[[ Provided data, beginning ]]

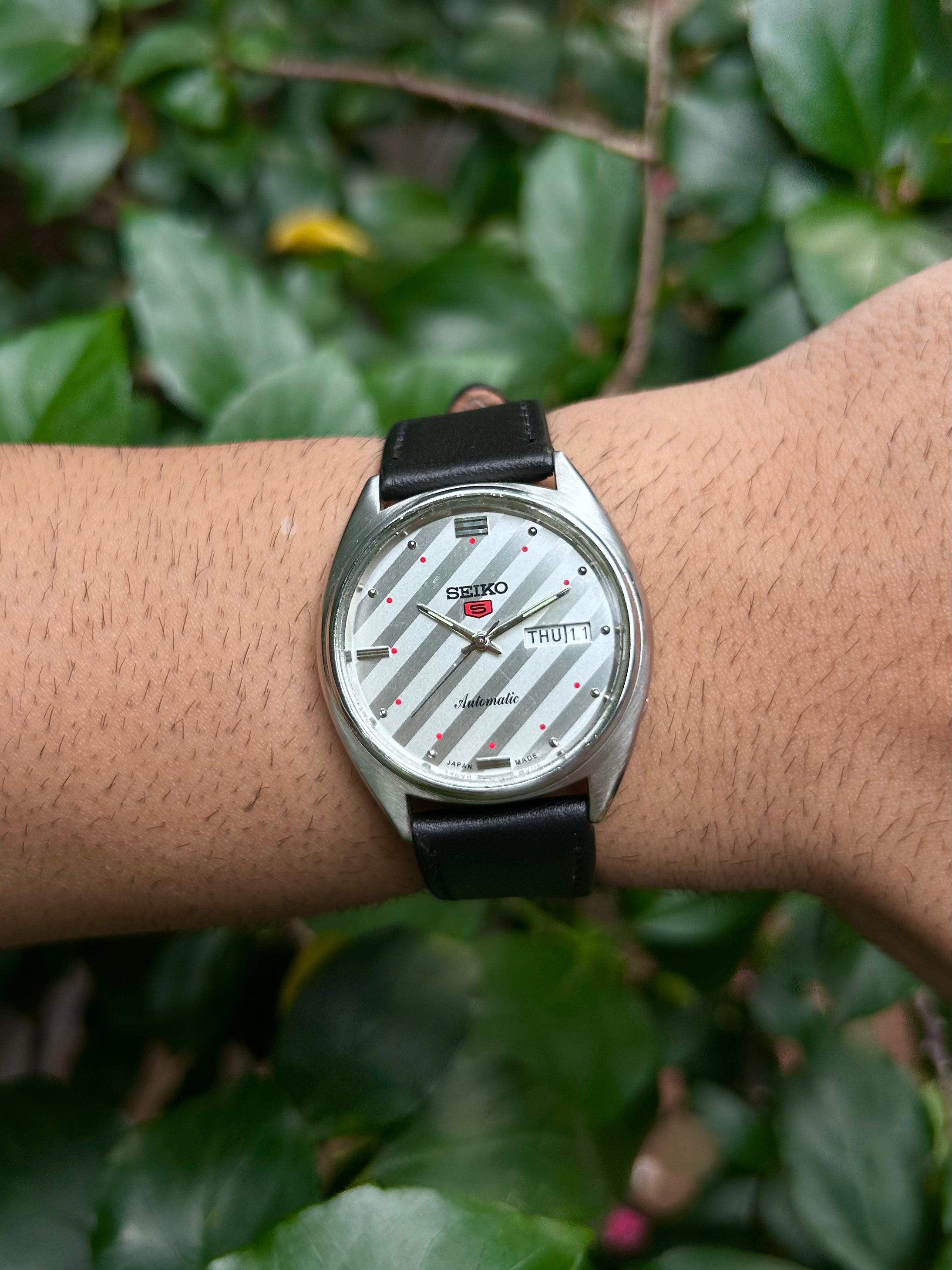 Pre-owned Seiko 5 Custom Mod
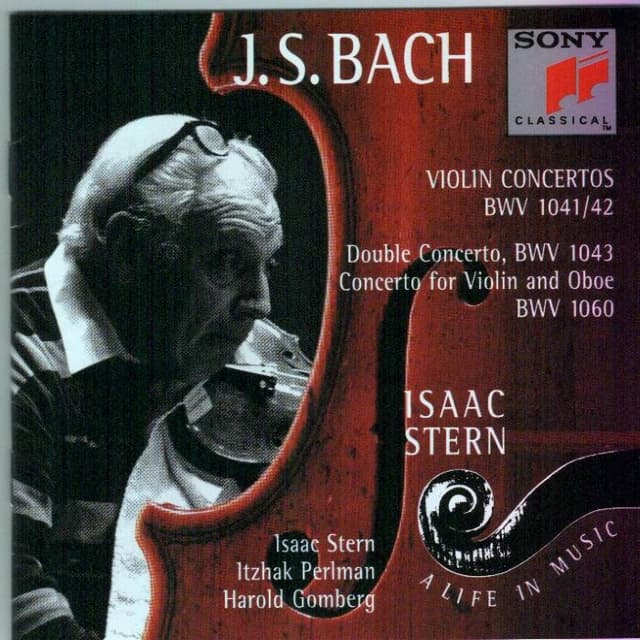 Violin concertos BWV 1041 / 1042 / 1043 / 1060 cover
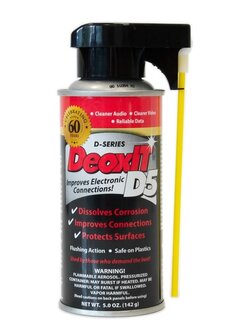 CAIG DeoxIT D5S-6P contact cleaner &amp; rejuvenator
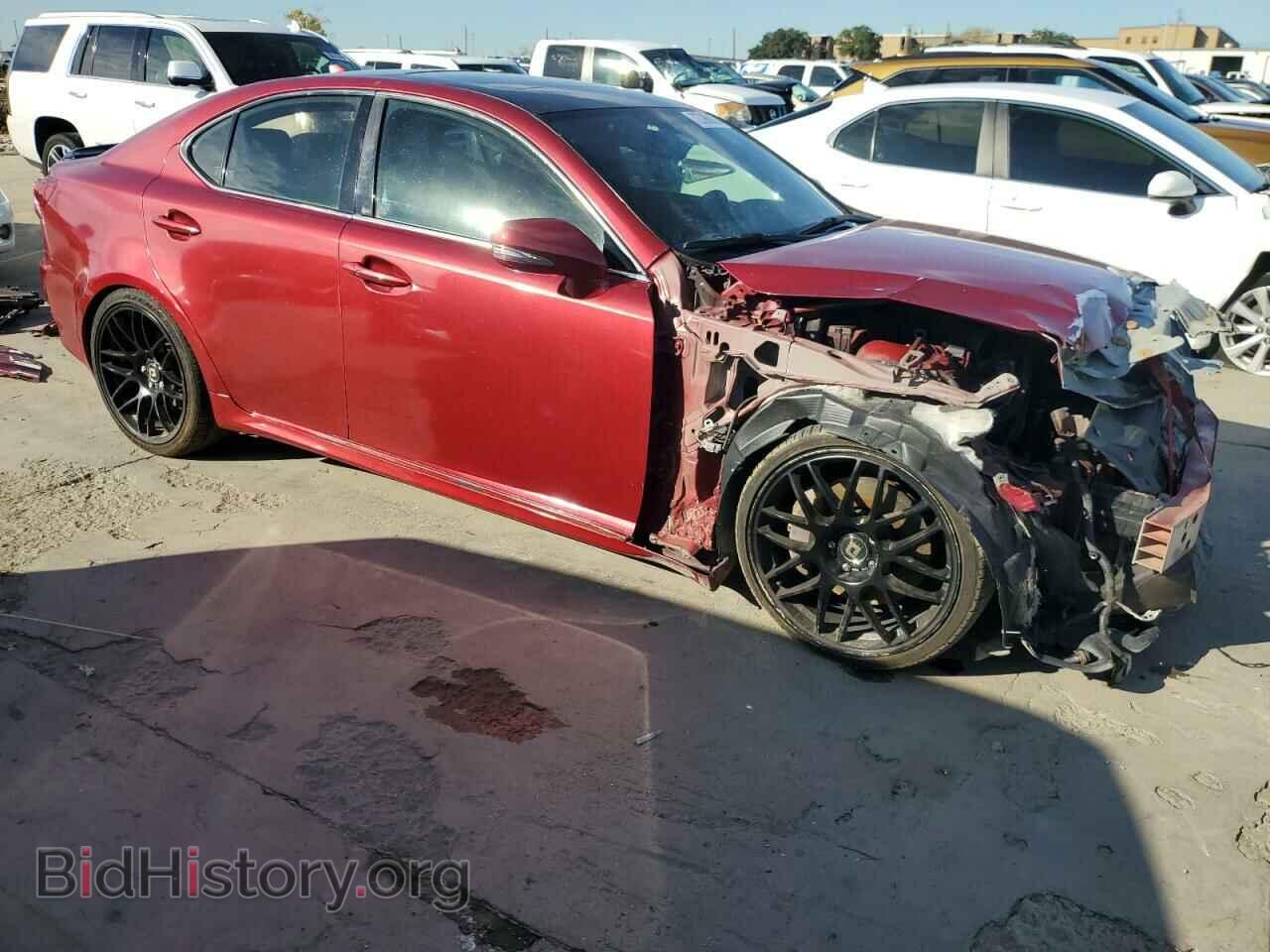 2011 LEXUS IS - VIN: JTHBE5C2XB5027781 - Фото 4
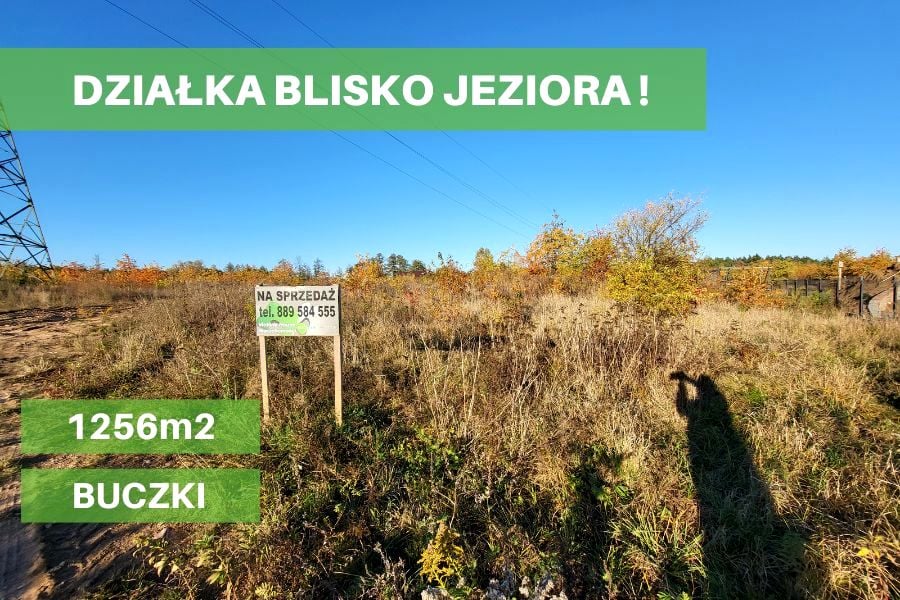 Działka budowlano-rolna Buczki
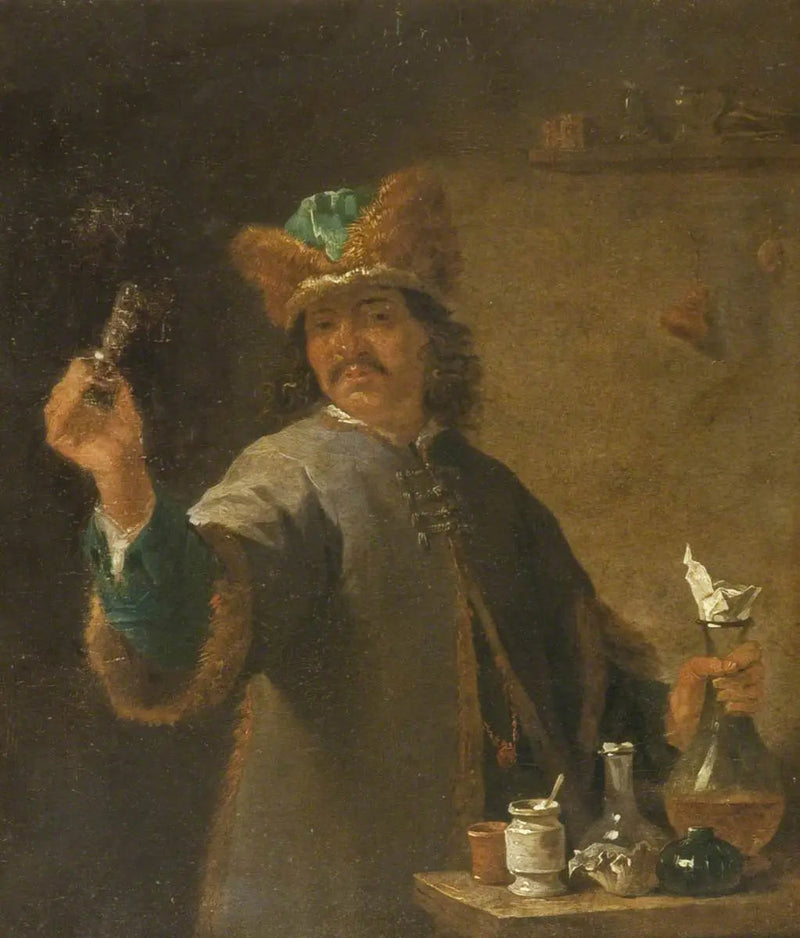 L'Alchimiste - David Teniers nuorempi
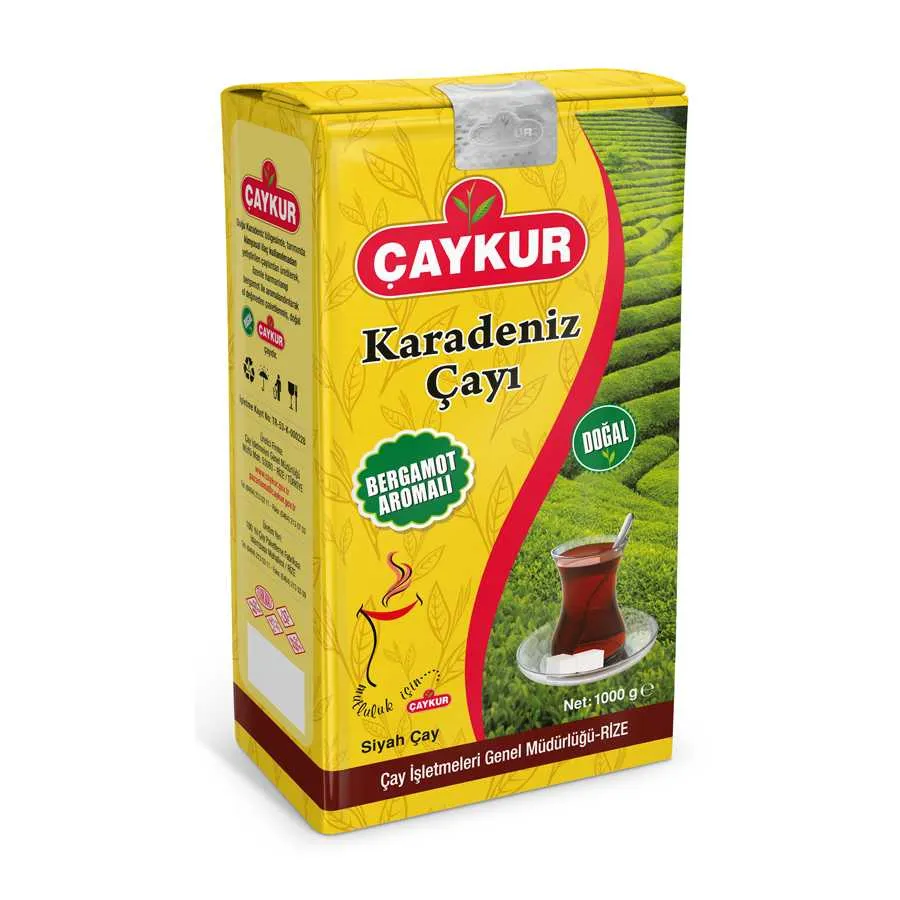Caykur Karadeniz svart te med bergamot - 35.27oz
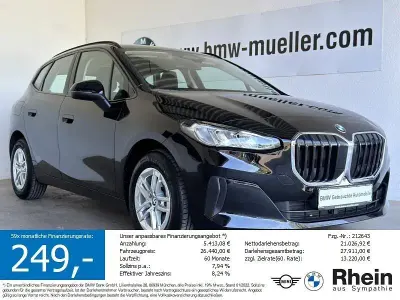 Gebraucht BMW 220 Active Tourer 156 PS (114 kW) 2023 Schwarz Van / Kleinbus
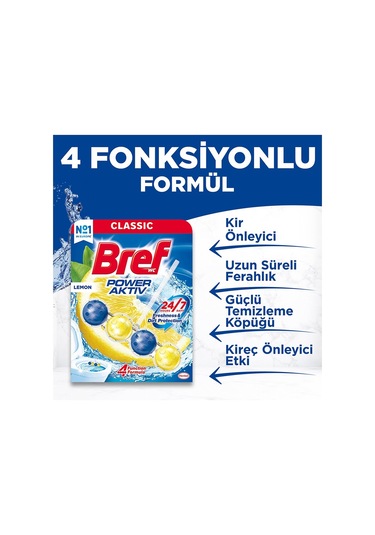 Bref Power Duo Limon 5 Adet
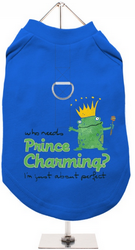 Tee-shirt Harnais Prince Charmant XXS à XL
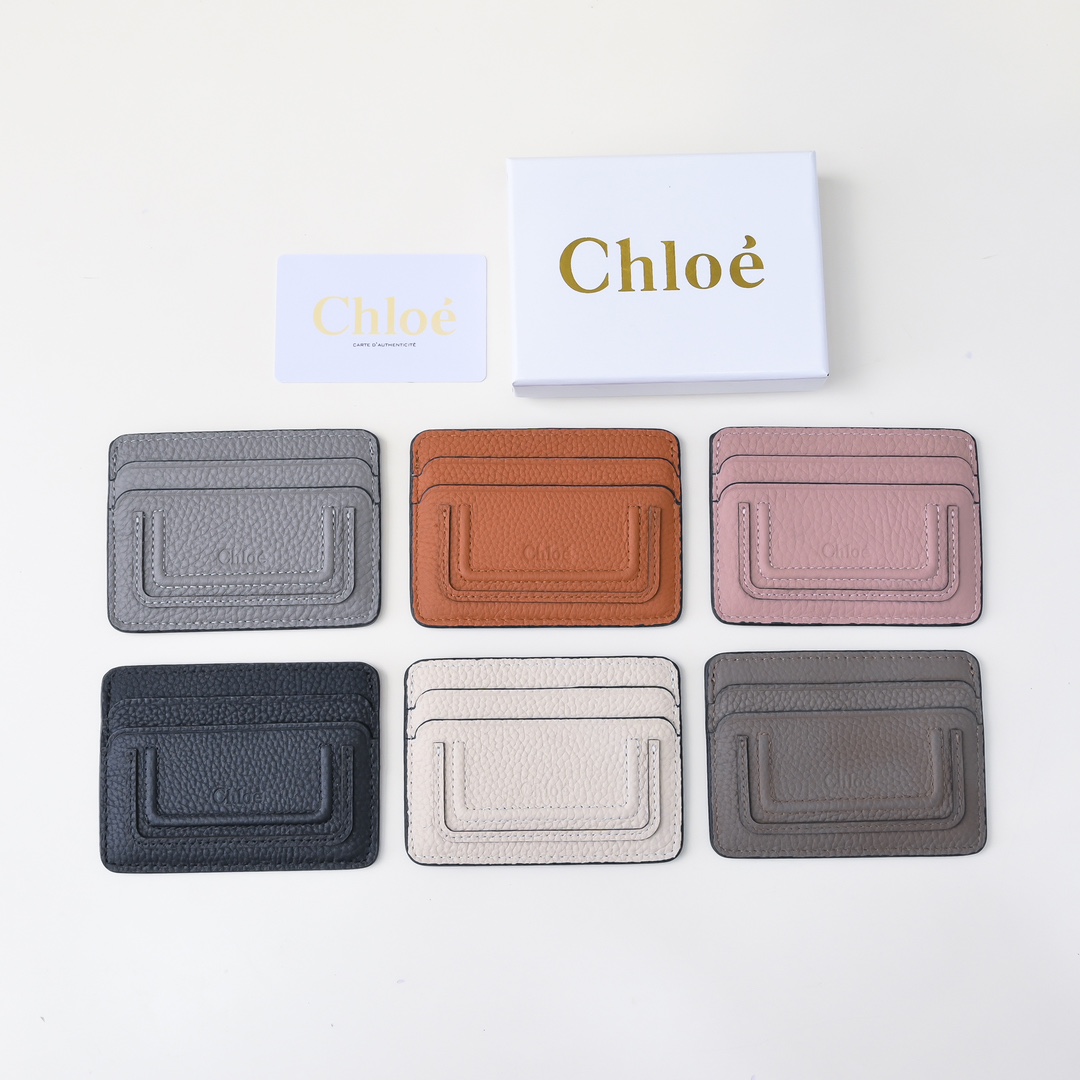 Chloe Marcie’s Retro-Gold Purse: High-Quality Classic Style (Section 2506) - 图片 1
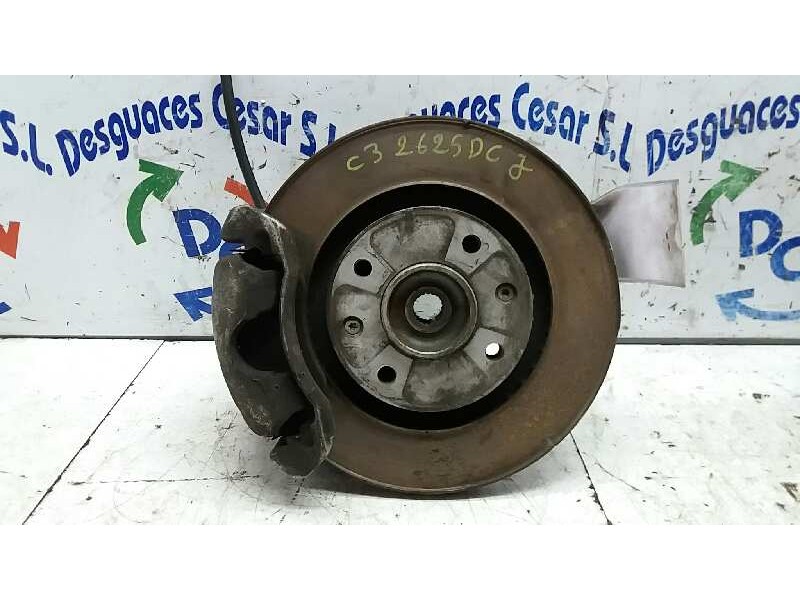 Recambio de mangueta delantera izquierda para citroën c3 hdi 92 xtr referencia OEM IAM   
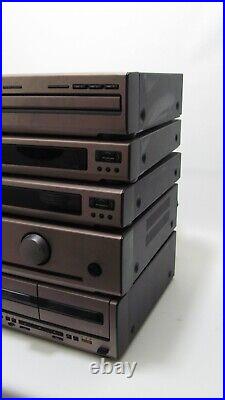 Vintage Denon AM/FM UTP-700 UDE-700 D-700 AMPLIFIER CASSETE CD TUNER PARTS ONLY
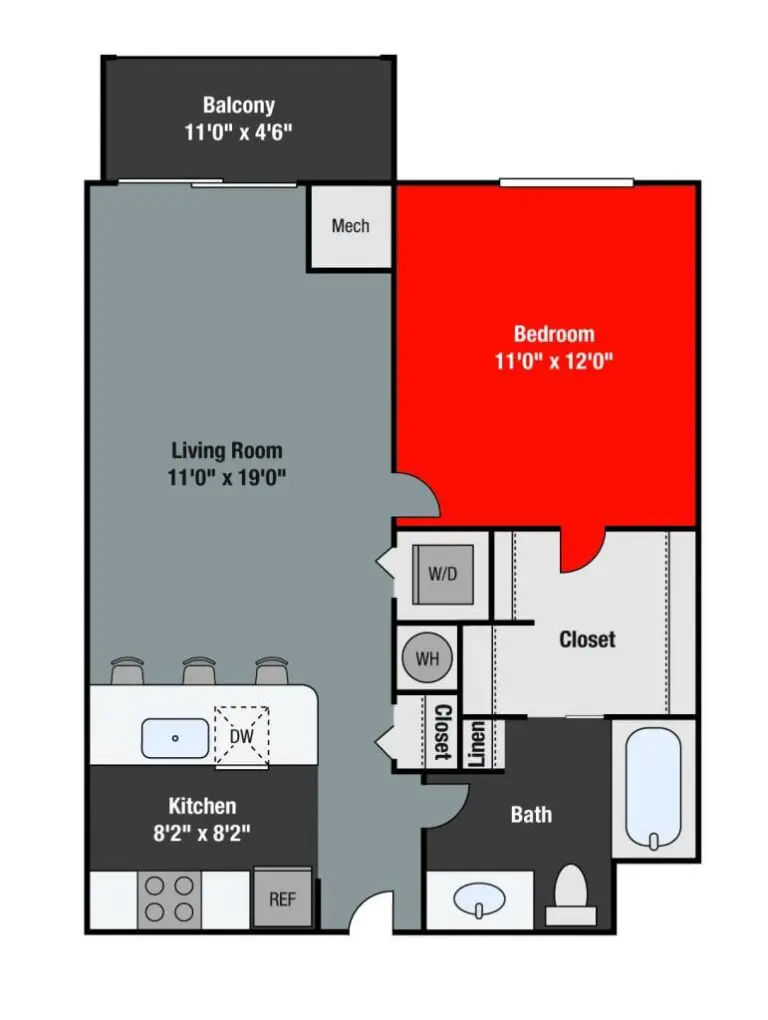 Apartments For Rent TGM NorthShore - Belmont ...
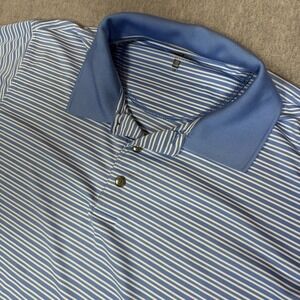 PEBBLE BEACH Polo Shirt Performance Men Golf - XL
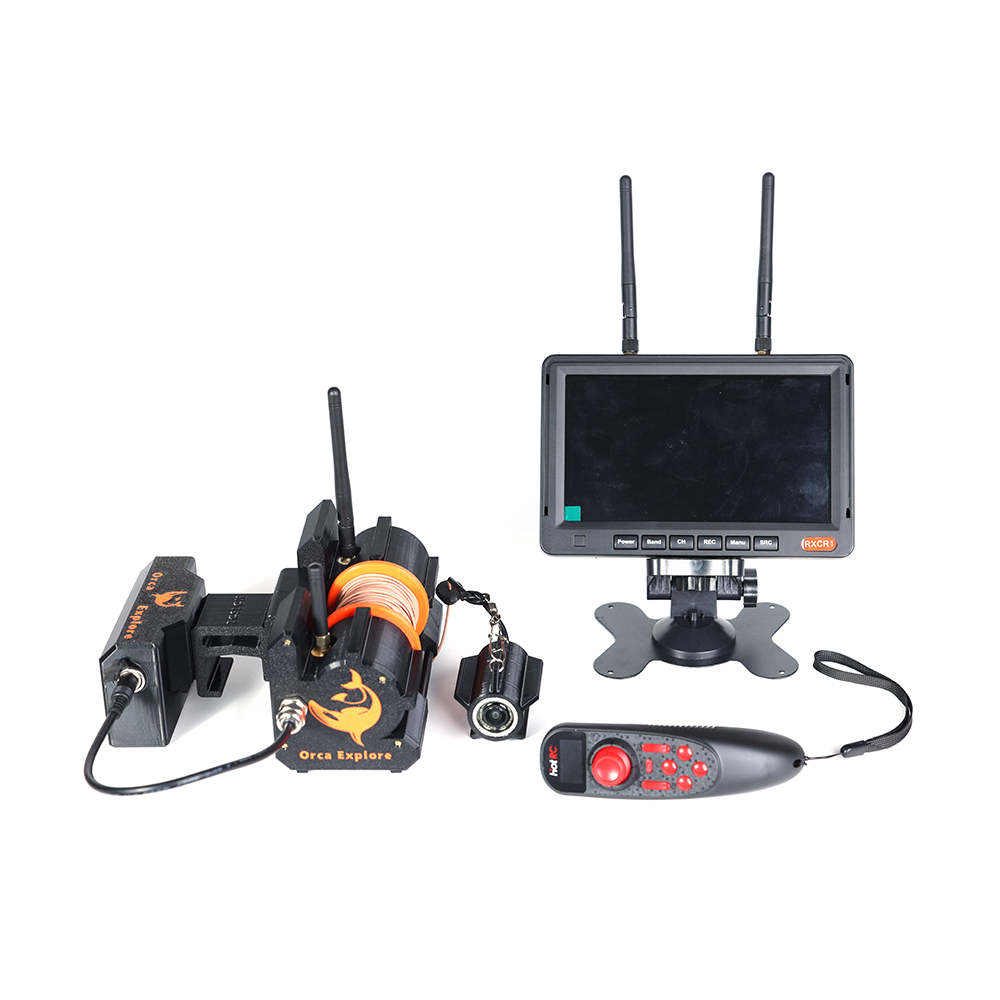 New 7inch Screen Underwater Ca - đánh giá và giá Fishing Camera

[[ Provided data, end ]]

Every line of the data above should be repeated exactly. Omit the pictures.

• Answer for the task:
 Pre-owned Seiko 5 Custom Mod
 Violin concertos BWV 1041 / 1042 / 1043 / 1060 cover
 CAIG DeoxIT D5S-6P contact cleaner &amp; rejuvenator
 2011 LEXUS IS - VIN: JTHBE5C2XB5027781 - Фото 4
 Działka budowlano-rolna Buczki
 L'Alchimiste - David Teniers nuorempi
Caykur Karadeniz svart te med bergamot - 35.27oz
 Gebraucht BMW 220 Active Tourer 156 PS (114 kW) 2023 Schwarz Van / Kleinbus
 Bref Power Duo Limon 5 Adet
 Tee-shirt Harnais Prince Charmant XXS à XL
 Chloe Marcie’s Retro-Gold Purse: High-Quality Classic Style (Section 2506) - 图片 1
 Recambio de mangueta delantera izquierda para citroën c3 hdi 92 xtr referencia OEM IAM   
 Vintage Denon AM/FM UTP-700 UDE-700 D-700 AMPLIFIER CASSETE CD TUNER PARTS ONLY
 Apartments For Rent TGM NorthShore - Belmont ...
 PEBBLE BEACH Polo Shirt Performance Men Golf - XL
 New 7inch Screen Underwater Ca - đánh giá và giá Fishing Camera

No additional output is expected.